Background and Motivation

The hidden Markov model (HMM), although having many benefits for modeling human speech, models the data using discrete states. It can only model continuous feature variations using a large number of states. This problem is generally solved by augmenting the features with time-derivatives [77]. Despite new probabilistic models that address the dynamic behavior of features such as segmental HMMs [78], and a wider class of graphical models [76], the derivative augmented feature (DAF) combined with hidden Markov model (DAF-HMM) remains the most widely-used method of modeling the dynamic behavior of features. Unfortunately, the DAF feature vector is of higher dimension with built-in redundancy. As a result, the assumption of conditional independence of the observations is violated. The probability density function (PDF), or likelihood function (LF) of DAF cannot be compared to the PDF of the original (un-augmented) features. Being able to do this could enable new quantitative means of evaluating dynamic models based on augmentation and comparing with those not based on augmentation and allow classifiers with “mixed" models, taking advantage of DAF when necessary and using un-augmented features when not.
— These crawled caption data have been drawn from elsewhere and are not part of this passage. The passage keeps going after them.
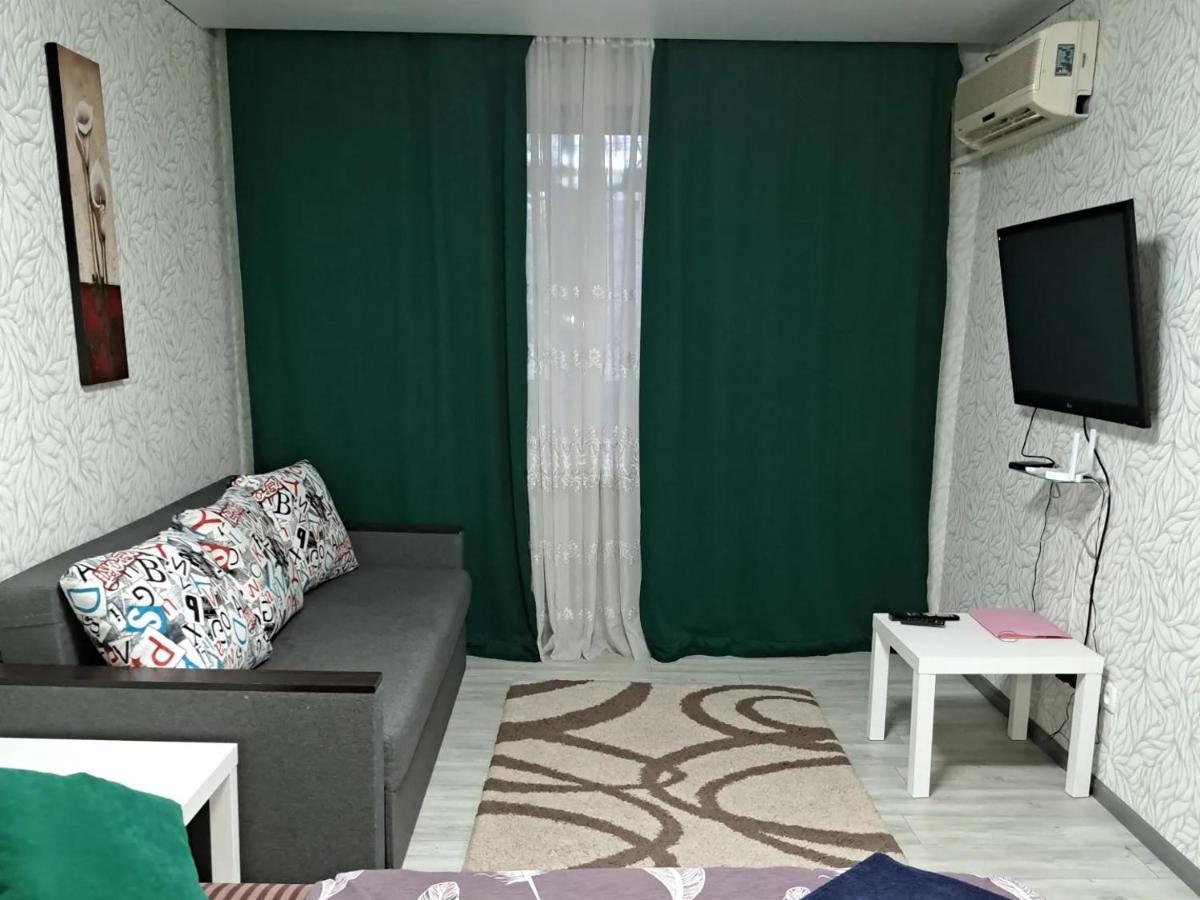 2 Комнаты В Центре Солнечная Галлерея,Мэтро,Сильпо,Кб75 Тысячка Kryvyi Rih Exterior photo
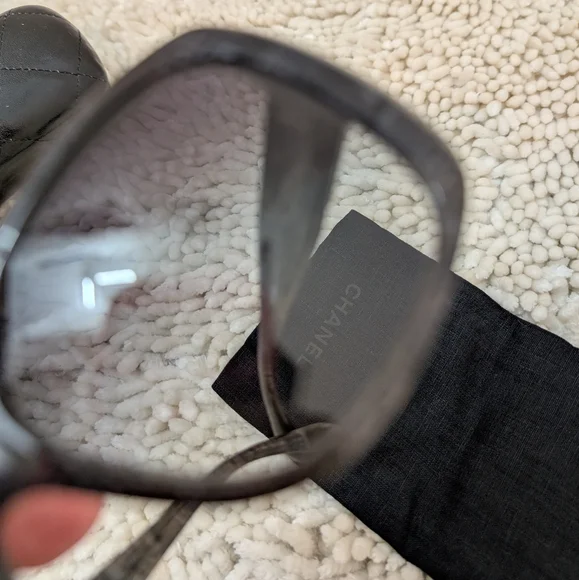 Authentic Chanel Tweed Effect Quilted CC Turnlock Sunglasses Dark Grey - Picture 11 of 12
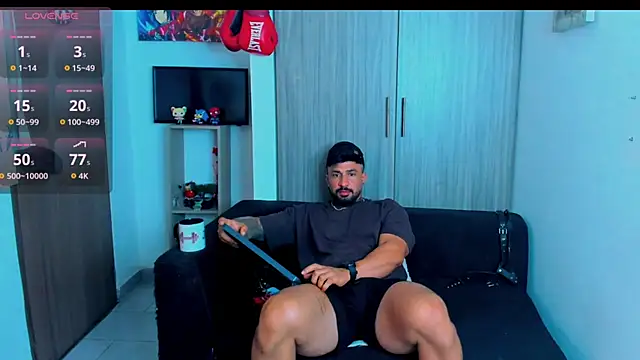 Snapshot of naugthy_dominant chatting on November 2025 08:53:01 PM naugthy dominant online show from November 2025 08:53:01 PM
To this end, we derive an analytic expression for the integral of DAF-HMM model with respect to the un-differenced input data, allowing it to be normalized so that it integrates to one. The computational complexity of our method is order $O(M^T)$ where $M$ is the number of Markov states and $T$ is the length of the feature stream. But, the correction term reaches a steady-state at low values of $T$, allowing an efficient means to compensate PDFs for large $T$.